__Task data__:

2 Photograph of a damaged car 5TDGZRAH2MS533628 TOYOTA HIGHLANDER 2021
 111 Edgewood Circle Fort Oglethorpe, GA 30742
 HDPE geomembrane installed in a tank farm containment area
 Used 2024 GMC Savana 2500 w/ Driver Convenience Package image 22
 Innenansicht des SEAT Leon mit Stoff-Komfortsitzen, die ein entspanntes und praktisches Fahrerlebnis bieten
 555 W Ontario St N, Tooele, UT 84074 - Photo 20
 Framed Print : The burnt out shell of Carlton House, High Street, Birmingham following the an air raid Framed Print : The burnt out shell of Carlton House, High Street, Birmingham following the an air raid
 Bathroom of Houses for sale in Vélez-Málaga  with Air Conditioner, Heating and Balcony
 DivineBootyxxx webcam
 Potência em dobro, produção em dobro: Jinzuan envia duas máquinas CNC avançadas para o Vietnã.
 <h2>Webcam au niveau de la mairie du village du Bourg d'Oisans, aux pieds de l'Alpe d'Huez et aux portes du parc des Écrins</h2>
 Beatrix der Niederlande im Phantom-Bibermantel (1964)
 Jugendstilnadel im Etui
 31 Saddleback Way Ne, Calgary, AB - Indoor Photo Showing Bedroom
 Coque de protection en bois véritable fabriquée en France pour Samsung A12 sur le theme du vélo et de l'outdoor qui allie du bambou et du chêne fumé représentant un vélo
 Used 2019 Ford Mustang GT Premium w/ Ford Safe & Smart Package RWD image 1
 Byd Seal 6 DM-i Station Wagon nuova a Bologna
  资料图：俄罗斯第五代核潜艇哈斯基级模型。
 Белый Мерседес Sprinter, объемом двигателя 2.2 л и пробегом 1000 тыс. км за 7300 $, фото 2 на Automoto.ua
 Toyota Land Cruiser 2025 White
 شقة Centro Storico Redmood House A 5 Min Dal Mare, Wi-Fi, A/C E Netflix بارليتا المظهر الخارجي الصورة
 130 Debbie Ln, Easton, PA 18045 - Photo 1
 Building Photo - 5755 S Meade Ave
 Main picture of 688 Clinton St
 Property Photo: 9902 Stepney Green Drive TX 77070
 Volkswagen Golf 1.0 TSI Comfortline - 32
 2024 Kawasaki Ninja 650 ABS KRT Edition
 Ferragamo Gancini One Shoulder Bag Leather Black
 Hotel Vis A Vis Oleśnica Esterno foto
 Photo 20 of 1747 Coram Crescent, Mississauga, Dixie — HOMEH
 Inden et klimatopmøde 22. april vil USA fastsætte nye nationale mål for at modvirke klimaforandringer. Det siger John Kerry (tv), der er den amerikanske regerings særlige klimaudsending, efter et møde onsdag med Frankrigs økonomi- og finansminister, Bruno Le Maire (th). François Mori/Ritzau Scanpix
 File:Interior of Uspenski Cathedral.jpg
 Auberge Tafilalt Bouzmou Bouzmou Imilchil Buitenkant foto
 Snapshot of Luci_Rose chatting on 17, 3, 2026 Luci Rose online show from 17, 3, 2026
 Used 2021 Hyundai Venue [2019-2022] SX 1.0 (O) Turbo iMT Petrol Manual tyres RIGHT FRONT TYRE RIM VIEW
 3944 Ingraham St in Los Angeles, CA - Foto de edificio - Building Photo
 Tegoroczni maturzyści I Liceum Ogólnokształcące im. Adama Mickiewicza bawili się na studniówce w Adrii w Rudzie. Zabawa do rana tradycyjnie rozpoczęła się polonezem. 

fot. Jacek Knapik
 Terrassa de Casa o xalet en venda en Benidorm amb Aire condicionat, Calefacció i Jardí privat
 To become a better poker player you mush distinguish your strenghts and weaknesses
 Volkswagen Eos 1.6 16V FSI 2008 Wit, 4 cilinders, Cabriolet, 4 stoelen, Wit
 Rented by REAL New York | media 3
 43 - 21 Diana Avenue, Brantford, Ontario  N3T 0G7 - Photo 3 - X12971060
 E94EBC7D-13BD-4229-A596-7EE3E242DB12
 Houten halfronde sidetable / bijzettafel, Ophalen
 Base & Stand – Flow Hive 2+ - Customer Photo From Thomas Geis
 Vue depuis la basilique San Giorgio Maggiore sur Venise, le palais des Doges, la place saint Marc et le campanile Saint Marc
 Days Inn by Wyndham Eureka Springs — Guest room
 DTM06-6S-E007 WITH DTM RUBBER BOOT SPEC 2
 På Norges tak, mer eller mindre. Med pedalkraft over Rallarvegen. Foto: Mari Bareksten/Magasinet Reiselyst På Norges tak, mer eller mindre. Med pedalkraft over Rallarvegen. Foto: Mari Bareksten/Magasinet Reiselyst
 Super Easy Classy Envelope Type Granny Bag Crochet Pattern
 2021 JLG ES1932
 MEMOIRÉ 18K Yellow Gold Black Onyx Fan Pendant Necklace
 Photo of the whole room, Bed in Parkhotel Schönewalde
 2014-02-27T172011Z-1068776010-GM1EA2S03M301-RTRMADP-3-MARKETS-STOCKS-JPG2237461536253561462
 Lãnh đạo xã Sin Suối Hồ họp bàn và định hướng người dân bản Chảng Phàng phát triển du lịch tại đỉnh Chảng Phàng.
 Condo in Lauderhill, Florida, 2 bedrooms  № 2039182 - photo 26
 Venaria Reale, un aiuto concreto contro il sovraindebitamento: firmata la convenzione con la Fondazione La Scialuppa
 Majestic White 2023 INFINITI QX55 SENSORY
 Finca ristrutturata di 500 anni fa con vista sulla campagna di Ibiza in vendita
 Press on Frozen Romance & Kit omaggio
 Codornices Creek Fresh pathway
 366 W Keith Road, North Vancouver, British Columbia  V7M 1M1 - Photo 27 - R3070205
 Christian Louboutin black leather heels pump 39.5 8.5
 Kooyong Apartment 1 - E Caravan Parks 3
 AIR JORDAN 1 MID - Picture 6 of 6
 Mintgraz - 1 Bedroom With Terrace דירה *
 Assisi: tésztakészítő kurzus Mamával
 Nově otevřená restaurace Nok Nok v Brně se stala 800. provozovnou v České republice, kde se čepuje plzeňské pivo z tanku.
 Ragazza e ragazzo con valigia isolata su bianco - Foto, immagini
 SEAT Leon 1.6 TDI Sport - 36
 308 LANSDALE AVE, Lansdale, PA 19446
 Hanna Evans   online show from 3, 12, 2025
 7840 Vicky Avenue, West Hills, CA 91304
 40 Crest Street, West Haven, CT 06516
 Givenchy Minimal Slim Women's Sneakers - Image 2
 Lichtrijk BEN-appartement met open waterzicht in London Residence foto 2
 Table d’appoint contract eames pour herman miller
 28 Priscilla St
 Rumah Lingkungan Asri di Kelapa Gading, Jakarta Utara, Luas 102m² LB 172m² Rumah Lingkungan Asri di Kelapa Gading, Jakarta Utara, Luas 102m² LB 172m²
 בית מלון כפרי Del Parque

__Task objective__:
Quote exactly the lines running from the start of the listing above through the line where "Volkswagen Golf 1.0 TSI Comfortline - 32" is found, and output no other lines.

__Exercise solution__:
2 Photograph of a damaged car 5TDGZRAH2MS533628 TOYOTA HIGHLANDER 2021
 111 Edgewood Circle Fort Oglethorpe, GA 30742
 HDPE geomembrane installed in a tank farm containment area
 Used 2024 GMC Savana 2500 w/ Driver Convenience Package image 22
 Innenansicht des SEAT Leon mit Stoff-Komfortsitzen, die ein entspanntes und praktisches Fahrerlebnis bieten
 555 W Ontario St N, Tooele, UT 84074 - Photo 20
 Framed Print : The burnt out shell of Carlton House, High Street, Birmingham following the an air raid Framed Print : The burnt out shell of Carlton House, High Street, Birmingham following the an air raid
 Bathroom of Houses for sale in Vélez-Málaga  with Air Conditioner, Heating and Balcony
 DivineBootyxxx webcam
 Potência em dobro, produção em dobro: Jinzuan envia duas máquinas CNC avançadas para o Vietnã.
 <h2>Webcam au niveau de la mairie du village du Bourg d'Oisans, aux pieds de l'Alpe d'Huez et aux portes du parc des Écrins</h2>
 Beatrix der Niederlande im Phantom-Bibermantel (1964)
 Jugendstilnadel im Etui
 31 Saddleback Way Ne, Calgary, AB - Indoor Photo Showing Bedroom
 Coque de protection en bois véritable fabriquée en France pour Samsung A12 sur le theme du vélo et de l'outdoor qui allie du bambou et du chêne fumé représentant un vélo
 Used 2019 Ford Mustang GT Premium w/ Ford Safe & Smart Package RWD image 1
 Byd Seal 6 DM-i Station Wagon nuova a Bologna
  资料图：俄罗斯第五代核潜艇哈斯基级模型。
 Белый Мерседес Sprinter, объемом двигателя 2.2 л и пробегом 1000 тыс. км за 7300 $, фото 2 на Automoto.ua
 Toyota Land Cruiser 2025 White
 شقة Centro Storico Redmood House A 5 Min Dal Mare, Wi-Fi, A/C E Netflix بارليتا المظهر الخارجي الصورة
 130 Debbie Ln, Easton, PA 18045 - Photo 1
 Building Photo - 5755 S Meade Ave
 Main picture of 688 Clinton St
 Property Photo: 9902 Stepney Green Drive TX 77070
 Volkswagen Golf 1.0 TSI Comfortline - 32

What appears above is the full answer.